Yes, and you should all read the trilogy too! :) It’s some of the only fiction I actually like.
7. Lena asked,
How come all your notes are typed and do most students take notes on a laptop or by hand in class? and how much homework on average do you spend on a given day? are the 5-0-7 (hrs per week) spent on the classes accurate?
Well, my notes are typed because I’m slightly OCD. Those notes are note sheets for tests, and often professors will give a page limit — say, one page front and back — for the number of note sheets you’re allowed to have.

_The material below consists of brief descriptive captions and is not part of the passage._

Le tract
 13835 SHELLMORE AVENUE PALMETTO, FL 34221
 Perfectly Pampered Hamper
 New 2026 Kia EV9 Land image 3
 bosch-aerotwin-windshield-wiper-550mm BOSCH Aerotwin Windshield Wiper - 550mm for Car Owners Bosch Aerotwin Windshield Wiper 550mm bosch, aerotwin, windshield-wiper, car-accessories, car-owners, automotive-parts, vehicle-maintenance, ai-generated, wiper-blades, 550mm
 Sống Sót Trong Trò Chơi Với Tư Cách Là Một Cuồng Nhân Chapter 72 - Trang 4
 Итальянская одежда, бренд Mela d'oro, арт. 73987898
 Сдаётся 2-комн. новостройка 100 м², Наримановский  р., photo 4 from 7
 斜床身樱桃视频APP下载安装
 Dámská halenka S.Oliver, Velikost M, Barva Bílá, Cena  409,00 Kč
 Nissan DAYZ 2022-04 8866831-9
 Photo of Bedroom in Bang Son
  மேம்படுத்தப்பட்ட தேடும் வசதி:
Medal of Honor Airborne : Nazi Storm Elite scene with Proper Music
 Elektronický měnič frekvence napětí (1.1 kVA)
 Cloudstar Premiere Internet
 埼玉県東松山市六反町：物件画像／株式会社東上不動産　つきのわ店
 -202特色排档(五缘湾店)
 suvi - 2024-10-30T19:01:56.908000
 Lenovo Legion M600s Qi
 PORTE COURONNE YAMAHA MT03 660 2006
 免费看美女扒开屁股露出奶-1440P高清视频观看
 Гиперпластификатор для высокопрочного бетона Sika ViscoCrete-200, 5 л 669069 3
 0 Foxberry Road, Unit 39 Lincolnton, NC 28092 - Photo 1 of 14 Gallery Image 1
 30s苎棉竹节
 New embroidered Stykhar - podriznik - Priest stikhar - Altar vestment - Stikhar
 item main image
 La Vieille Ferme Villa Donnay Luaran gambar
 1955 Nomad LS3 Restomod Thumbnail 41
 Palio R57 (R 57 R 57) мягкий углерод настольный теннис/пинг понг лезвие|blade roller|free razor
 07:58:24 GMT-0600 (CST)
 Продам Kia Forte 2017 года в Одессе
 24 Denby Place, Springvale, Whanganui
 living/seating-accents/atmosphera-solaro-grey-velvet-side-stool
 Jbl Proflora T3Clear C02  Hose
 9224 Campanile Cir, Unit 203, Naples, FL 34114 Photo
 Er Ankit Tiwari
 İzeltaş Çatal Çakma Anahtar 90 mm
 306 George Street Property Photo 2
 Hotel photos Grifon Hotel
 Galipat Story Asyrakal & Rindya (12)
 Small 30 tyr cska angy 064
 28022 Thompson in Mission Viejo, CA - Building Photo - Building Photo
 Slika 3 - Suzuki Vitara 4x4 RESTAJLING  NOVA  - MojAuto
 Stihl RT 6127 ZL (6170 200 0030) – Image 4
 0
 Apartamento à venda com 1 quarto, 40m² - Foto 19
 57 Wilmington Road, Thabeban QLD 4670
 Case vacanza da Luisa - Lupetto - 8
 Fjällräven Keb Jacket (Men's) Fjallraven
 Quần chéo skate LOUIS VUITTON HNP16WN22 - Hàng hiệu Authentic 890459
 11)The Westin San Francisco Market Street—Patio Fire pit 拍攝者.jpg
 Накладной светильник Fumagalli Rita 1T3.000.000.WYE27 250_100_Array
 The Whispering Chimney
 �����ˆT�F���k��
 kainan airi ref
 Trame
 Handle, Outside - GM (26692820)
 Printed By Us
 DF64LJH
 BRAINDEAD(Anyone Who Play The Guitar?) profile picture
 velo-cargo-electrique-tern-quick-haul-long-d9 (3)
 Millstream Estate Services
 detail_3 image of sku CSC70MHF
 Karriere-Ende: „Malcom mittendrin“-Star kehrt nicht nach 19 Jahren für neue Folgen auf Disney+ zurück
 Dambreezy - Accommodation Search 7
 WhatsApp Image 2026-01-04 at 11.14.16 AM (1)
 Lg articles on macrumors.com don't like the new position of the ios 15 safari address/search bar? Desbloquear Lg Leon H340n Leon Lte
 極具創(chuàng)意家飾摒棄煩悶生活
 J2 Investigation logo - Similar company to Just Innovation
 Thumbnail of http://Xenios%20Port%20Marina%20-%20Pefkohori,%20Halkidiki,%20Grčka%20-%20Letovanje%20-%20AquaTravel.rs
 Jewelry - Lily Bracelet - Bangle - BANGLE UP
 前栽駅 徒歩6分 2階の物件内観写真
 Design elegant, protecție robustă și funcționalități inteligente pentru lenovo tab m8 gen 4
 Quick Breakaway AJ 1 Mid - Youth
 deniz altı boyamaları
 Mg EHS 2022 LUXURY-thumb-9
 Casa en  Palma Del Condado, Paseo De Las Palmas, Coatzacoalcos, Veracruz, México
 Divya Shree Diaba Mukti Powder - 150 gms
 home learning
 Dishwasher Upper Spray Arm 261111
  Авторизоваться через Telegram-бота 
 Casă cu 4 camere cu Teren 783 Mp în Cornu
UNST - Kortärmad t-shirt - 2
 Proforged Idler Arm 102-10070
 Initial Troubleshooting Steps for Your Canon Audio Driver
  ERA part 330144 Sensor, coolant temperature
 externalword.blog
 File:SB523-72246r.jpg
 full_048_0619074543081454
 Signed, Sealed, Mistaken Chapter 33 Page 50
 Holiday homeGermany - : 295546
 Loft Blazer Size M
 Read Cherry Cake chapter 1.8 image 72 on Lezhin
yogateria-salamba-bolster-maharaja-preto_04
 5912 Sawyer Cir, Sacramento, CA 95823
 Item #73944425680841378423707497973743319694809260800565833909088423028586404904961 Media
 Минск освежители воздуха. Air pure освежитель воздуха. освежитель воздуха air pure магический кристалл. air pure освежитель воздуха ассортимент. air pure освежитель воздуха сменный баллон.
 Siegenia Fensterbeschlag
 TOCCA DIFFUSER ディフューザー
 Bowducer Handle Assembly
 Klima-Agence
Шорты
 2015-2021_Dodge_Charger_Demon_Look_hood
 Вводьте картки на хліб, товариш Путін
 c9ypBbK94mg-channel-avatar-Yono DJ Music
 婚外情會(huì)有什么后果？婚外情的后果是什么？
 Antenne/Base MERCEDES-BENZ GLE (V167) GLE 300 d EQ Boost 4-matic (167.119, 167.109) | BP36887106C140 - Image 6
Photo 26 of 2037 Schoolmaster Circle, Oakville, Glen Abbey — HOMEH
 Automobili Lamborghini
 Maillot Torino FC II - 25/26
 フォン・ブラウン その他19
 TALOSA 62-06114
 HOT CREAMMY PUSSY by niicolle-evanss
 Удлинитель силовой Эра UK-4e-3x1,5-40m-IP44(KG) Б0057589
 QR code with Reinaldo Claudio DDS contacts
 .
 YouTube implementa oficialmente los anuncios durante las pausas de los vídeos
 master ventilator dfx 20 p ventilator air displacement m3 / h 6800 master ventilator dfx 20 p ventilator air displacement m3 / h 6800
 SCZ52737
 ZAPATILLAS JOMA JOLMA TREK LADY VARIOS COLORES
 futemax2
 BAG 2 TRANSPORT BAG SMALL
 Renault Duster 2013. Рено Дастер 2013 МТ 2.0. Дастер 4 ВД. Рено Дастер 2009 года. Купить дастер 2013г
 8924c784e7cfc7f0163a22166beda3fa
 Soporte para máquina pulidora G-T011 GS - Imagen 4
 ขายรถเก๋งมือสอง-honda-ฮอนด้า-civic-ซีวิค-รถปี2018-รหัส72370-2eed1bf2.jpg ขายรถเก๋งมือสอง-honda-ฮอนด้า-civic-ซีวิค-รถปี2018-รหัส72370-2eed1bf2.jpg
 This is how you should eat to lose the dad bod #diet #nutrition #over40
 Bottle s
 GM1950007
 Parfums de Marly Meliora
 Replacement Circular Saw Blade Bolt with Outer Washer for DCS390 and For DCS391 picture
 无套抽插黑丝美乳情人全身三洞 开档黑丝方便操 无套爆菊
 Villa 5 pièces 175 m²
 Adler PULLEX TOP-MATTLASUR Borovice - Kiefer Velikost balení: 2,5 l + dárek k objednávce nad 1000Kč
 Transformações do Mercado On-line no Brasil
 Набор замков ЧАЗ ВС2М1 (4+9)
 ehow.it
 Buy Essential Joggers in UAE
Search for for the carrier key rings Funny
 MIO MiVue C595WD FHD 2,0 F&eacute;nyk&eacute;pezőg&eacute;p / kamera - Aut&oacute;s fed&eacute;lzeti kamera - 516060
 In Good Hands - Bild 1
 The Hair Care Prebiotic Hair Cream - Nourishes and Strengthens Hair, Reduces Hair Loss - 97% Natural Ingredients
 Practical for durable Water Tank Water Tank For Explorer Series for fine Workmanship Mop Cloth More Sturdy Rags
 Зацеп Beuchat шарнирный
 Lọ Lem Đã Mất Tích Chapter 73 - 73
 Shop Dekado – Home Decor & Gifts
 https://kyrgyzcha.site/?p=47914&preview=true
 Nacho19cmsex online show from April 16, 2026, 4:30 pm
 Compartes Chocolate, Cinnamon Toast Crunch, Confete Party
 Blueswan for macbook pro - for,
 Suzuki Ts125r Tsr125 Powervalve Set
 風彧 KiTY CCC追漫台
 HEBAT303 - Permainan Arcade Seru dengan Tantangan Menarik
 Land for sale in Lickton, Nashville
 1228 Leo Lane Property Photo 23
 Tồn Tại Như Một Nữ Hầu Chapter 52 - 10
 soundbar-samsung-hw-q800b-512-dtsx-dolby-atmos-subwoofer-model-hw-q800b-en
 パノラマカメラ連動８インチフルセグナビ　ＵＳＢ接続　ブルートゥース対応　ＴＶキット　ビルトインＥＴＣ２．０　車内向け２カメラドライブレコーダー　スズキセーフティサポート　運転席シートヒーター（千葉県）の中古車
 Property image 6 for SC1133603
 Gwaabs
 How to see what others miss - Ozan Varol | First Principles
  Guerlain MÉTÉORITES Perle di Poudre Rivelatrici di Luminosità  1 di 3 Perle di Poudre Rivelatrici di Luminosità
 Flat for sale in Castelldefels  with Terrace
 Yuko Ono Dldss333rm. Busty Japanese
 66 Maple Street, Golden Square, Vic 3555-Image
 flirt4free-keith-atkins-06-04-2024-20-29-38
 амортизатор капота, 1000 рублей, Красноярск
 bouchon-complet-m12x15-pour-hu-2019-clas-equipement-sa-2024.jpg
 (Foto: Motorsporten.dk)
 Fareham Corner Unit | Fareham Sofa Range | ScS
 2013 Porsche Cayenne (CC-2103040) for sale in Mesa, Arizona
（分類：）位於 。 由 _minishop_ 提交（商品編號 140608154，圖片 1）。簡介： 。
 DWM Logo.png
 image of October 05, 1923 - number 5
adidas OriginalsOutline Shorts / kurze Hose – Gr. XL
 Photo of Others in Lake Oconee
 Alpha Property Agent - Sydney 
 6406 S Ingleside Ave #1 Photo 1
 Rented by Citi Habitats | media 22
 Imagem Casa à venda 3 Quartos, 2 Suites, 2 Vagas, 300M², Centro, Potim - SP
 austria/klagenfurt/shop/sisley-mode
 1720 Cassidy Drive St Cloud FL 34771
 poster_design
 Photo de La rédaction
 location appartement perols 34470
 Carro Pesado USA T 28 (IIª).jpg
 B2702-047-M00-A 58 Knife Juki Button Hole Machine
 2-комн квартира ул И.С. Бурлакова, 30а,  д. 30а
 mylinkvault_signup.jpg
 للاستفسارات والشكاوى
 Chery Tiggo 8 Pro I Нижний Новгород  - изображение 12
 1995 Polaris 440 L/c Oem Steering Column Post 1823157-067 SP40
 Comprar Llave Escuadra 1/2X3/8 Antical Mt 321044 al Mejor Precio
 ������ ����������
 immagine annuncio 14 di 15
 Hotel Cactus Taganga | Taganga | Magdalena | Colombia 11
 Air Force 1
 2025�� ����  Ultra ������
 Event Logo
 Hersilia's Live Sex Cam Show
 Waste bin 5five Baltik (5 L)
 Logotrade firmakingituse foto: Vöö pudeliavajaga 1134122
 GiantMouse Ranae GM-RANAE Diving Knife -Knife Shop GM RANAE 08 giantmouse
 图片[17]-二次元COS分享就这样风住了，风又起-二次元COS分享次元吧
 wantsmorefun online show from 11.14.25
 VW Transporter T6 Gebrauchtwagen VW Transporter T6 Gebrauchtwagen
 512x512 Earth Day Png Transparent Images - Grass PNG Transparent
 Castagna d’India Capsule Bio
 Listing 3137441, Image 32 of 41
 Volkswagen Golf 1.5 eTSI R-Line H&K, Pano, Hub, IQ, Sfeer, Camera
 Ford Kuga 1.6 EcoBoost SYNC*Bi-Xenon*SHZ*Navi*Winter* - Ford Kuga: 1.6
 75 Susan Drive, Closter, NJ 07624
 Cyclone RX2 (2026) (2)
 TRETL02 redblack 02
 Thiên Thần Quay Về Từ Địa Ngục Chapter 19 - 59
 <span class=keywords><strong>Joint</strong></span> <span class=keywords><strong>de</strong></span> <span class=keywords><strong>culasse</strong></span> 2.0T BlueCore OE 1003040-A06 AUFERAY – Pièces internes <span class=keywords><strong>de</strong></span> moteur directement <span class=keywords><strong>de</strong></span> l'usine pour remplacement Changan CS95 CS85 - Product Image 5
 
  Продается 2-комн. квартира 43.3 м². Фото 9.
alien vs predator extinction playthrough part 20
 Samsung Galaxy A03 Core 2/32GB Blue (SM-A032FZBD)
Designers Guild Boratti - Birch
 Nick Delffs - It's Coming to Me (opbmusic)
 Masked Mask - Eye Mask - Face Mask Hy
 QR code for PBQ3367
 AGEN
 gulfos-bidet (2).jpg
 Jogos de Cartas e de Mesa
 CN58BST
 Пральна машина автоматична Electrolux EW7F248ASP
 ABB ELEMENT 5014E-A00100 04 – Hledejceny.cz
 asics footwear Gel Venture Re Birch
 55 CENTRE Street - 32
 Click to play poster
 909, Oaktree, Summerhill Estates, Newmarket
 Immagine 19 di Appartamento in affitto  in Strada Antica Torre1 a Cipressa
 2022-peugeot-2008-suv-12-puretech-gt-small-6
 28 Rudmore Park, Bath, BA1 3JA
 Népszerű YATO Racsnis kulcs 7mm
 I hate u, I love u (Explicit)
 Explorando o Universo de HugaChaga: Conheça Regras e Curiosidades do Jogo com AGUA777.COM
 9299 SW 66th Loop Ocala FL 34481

You can fit more material on a typed note sheet than you can on a handwritten one!
Most people at MIT take notes by hand, although a sizable minority take notes on their laptops. Basically the whole campus has wireless internet anyway, so an escalating number of people bring computers to class every day.
The “5-0-7” that Lena refers to is the unit distribution for courses, which can be found in the course catalogue. The first number (5) represents the number of hours that students are expected to spend in class each week; the second number (0) is the number of hours of lab each week, and the third number (7) is the number of hours students are estimated to spend on homework each week. The numbers are accurate for some courses but not for others, and it’s really not possible to say generally whether the distributions reflect reality or not. I guess on average, they reflect reality, but a given course may take you a lot more or a lot less time than the unit distribution would suggest.
8. Sarab asked,
I’m from India and I’ve been told by everyone that in India the courses I’m doing right now are very advanced as compared to the rest of the world. Is this true?
For example, in the 11th grade I’ve done translation, transcription and replication and in the 12th grade I will be doing Human Physiology.
Is this the same in an Americna High School?
It depends what courses you take. My Biology class has covered everything you mentioned above.
And Shannon noted,
Sarab- Biology is typically a 10th grade course here in America (most people here probably took honors as a freshman and then AP as an upperclassman). In a year, most students will cover the protein synthesis and DNA replication that you mentioned as well as basic human physiology (and of course other typical biology basics). In some schools, physiology/anatomy can be taken as a seperate class as well.
I’m sure you will be right on track with other students entering MIT. To what depth did you study those subjects?